17.         With regard to whether the claimant would be “welcomed” back to Zambia, the use of the word implies a positive act on the part of Zambian society, the authorities or family. In this context it must be borne in mind that there is no challenge to the finding that the claimant had never been there except for a short period en route to the United Kingdom. It was in the circumstances reasonable for the Tribunal to conclude that the claimant would not be “welcomed back” bearing in mind that Zambia is not somewhere he had ever lived. This is not a finding that he would face difficulties from the authorities; it is nothing more than observation that it is unlikely that there would be any positive attitude towards him as he would be entering the country as a convicted criminal and as a person with little or no connection to the country other than nationality.

18.         Mr Bramble developed his grounds, submitting that at paragraphs 103, 104 and 120 the Tribunal had in effect contradicted themselves, finding that the claimant’s family appeared to have suffered from the consequences of imprisonment of a family member [103] but that this was not a reason for the claimant not to be deported himself; that the claimant had played a parental role within the family [104] which increased the chances that he would not re-offend in future; yet, at paragraph 120 that the family had exaggerated to some extent his role in the family and their reliance upon him.

19.         Absent any proper challenge to the assessment of the witnesses’ credibility, it is not arguable that the Tribunal reached conclusions at paragraphs 102 to 104 of the determination which were not open to them.
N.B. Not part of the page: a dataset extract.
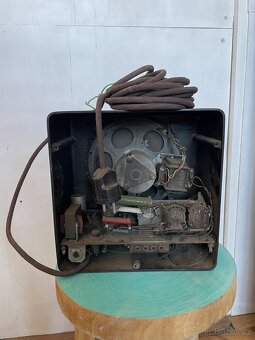 Radio Geblsova tlama 38GW ( válečné) - 4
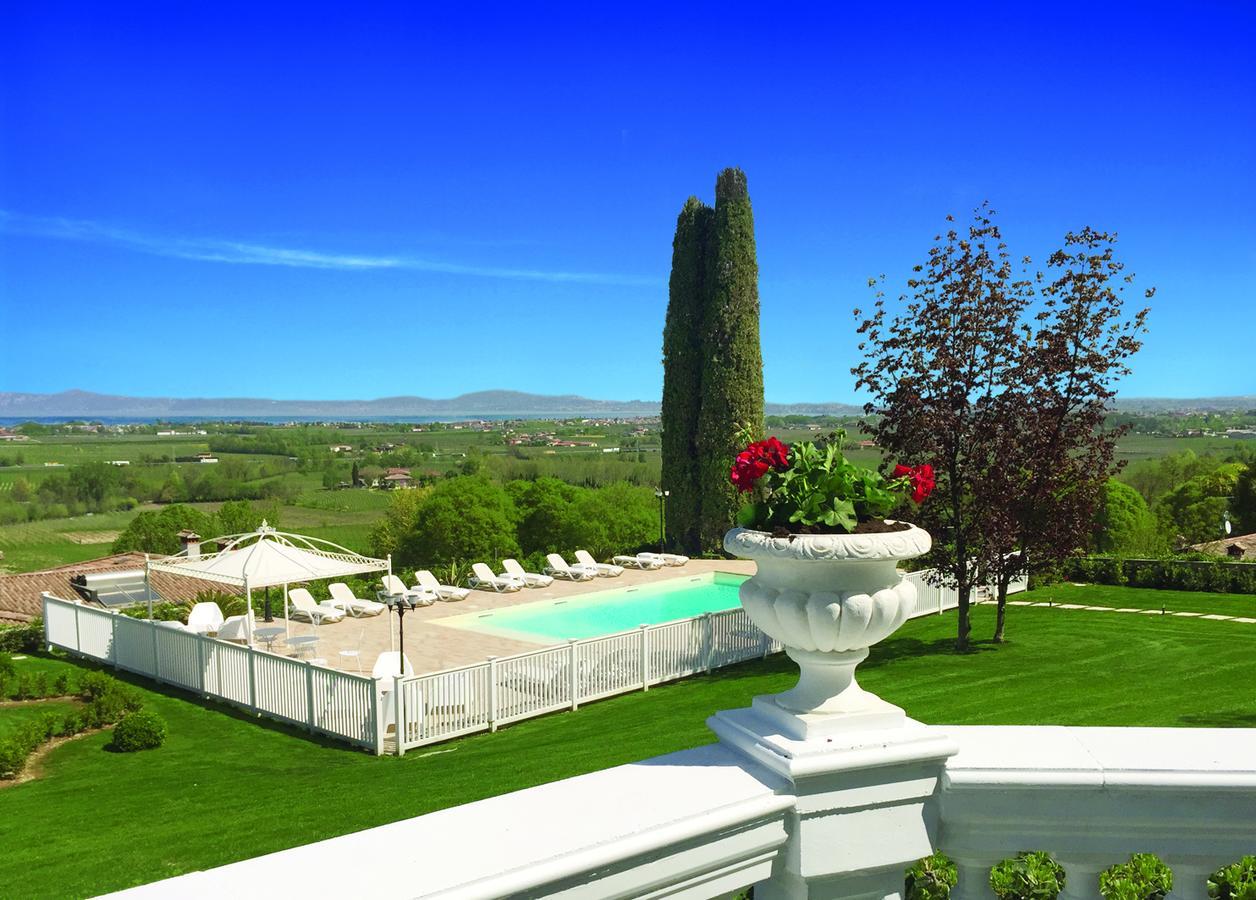 Relais Villa Belvedere & Spa Only Adults 포촐렌고 외부 사진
The fact that the witnesses exaggerated is not a sufficient basis to show that the Tribunal’s finding that nonetheless there was still a strong family life was perverse or irrational; it was open to the Tribunal, on considering the evidence, that while an attempt had been made to show that family life was stronger than it in fact was, nonetheless, it was still strong, and they gave proper reasons for that finding.

20.         The grounds as pleaded by the Secretary of State fail to identify any basis on which the Tribunal erred in accepting the claimant’s assurance that he had matured and had insight into his offending and had disassociated himself from the friends. The challenge as expressed in paragraph 6 of the grounds is that there is no evidence he intends to move to a different area on release. That is not so. It is evident from the trial court records that he was living in Wolverhampton at the time of his trial and it is evident from his witness statement, and this was not challenged by the secretary of State before the First-tier Tribunal, that at the time of the offences he was living in London. That was a number of months, nearly a year, earlier. As was noted in the sentencing remarks made by the Judge, the claimant had been in custody for only twelve days prior to the trial. The conclusion that he had moved away from his home area is thus supported by the evidence adduced by the Secretary of State and placed before the First-tier Tribunal.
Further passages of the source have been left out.